ENTRETIEN AVEC YANN REUZEAU


ENTRETIEN AVEC YANN REUZEAU
 

par Emily Jokiel

 

 

Pourquoi avoir écrit sur le monde de l'entreprise, des Scop en particulier ?


Parce que c'est un environnement que je ne connais pas. L'envie d'explorer de nouveaux domaines est souvent le point de départ du processus d'écriture chez moi. J'ai choisi de m'intéresser aux Scop parce que c'est un type de structure différent des autres, assez peu développé et méconnu. Cela bouleverse un certain nombre de représentations, notamment celle qui sépare et oppose le patron de ses employés. Travailler dans une Scop change beaucoup de choses à l'investissement des gens dans l'entreprise, à leurs vies en général.

 

Est-ce inspiré d'une histoire vraie ?


Non, je ne suis pas parti d'une expérience vécue. Je me suis documenté, j'ai regardé Entre nos Mains, un documentaire de Mariana Otero sur le sujet, j'ai rencontré la directrice de l'Union Générale des Scop, des gens qui travaillaient dans ce type de société... J'écris plutôt des fictions, pas la biographie d'un tel ou d'un tel.

 

Outre le monde de l'entreprise, y a-t-il un autre thème que tu as voulu développer dans Mécanique Instable ?


Non. J'ai juste voulu écrire sur le rapport des gens au travail, rapport qui varie selon chaque individu. Le travail prend une place énorme dans la vie de tout un chacun. On passe la moitié, voire les trois quarts de son temps au bureau. Pour certain, le travail est une chose qui a énormément de valeur, qui donne du sens à l'existence, tandis que pour d'autres, la vie commence après le travail. J'ai la chance de faire un travail qui me passionne, ce n'est pas le cas de tous. C'est ce rapport multiple et complexe que j'ai voulu interroger.

 

À la lecture de la pièce, j'ai eu l'impression d'une sorte de pessimisme vis à vis des Scop, comme si ce système n'était pas viable.


Non, non, surtout pas. Je me suis efforcé d'avoir le point de vue le plus nuancé possible, de ne pas être moralisateur. La Scop a ses qualités et ses défauts. C'est un système démocratique mais cela pose aussi des problèmes, notamment au niveau de la prise de décision, d'autant plus qu'en temps de crise c'est à des dilemmes assez douloureux qu'on est confronté, comme choisir entre laisser couler la boîte ou virer des copains.

 

Comment se situe ce spectacle par rapport à tes anciennes pièces ? Y a-t-il un changement de ton, de style ou autre innovation ?

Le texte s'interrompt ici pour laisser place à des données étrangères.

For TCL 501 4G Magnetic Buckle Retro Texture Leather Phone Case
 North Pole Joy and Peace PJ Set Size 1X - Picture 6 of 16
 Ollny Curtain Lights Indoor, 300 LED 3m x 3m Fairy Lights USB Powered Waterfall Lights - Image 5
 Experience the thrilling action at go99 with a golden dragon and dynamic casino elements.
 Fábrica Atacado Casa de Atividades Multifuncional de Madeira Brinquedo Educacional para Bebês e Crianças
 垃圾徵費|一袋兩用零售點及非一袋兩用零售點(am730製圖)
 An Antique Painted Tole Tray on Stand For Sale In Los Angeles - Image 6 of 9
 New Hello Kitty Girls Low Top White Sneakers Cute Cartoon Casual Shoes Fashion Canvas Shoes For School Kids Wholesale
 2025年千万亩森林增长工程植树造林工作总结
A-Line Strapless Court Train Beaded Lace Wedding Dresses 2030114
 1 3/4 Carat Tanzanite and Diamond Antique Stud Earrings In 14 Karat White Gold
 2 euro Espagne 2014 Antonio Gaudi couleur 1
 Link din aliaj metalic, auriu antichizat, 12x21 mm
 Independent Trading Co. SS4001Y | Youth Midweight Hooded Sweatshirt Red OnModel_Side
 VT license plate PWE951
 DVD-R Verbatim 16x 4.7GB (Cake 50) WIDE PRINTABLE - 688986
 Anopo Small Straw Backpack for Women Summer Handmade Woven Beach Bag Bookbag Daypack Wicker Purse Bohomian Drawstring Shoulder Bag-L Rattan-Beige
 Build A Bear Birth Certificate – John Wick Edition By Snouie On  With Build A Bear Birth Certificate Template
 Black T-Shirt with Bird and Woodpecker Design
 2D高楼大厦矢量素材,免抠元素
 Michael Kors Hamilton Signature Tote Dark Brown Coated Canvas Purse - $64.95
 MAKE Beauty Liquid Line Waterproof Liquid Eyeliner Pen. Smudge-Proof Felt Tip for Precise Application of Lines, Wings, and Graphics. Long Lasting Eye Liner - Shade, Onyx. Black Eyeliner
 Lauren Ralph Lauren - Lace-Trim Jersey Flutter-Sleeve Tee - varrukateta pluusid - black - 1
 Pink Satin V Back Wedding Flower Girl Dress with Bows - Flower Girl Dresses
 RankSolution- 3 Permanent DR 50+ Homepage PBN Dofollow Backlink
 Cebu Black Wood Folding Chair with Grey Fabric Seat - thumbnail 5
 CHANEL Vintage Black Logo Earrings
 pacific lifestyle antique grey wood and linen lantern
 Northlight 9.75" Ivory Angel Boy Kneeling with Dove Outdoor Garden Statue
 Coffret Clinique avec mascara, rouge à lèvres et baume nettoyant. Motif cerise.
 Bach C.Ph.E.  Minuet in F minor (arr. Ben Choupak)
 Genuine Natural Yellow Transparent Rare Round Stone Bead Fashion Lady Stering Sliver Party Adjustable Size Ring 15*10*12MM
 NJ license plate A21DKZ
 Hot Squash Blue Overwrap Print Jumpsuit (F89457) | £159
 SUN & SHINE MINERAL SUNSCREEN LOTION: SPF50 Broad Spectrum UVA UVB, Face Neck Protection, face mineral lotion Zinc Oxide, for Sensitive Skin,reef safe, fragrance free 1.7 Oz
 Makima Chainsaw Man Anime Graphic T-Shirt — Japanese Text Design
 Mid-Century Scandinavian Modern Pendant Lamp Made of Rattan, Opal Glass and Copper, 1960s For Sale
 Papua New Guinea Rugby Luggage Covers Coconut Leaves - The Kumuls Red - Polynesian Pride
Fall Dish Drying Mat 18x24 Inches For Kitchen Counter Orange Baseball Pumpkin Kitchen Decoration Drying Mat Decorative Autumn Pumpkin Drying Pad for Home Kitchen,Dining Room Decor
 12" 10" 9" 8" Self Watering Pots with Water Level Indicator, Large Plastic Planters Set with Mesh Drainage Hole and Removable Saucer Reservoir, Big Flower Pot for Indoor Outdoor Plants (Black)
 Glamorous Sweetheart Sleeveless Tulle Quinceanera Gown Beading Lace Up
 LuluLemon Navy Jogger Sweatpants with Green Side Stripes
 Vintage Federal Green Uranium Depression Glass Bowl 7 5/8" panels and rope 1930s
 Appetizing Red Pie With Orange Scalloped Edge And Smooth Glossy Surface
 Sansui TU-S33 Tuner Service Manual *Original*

La forme est différente de Chute d'une Nation, ma dernière pièce, qui était une série théâtrale. Mais globalement, Mécanique Instable est dans la droite ligne de ce que j'ai fait auparavant, c'est à dire une pièce traitant un sujet de société et mettant en scène des personnes dans une situation déstabilisante.

 

Est-ce un vieux projet ?

 

Le monde de l'entreprise me fascine depuis longtemps car j'en suis très éloigné. Je n'ai jamais travaillé dans un bureau. Un comptable, une secrétaire me fascinent. Après, il me fallait aussi choisir un angle, sinon je risquais d'enfoncer des portes ouvertes. Cette histoire de société transformée en Scop était mon angle.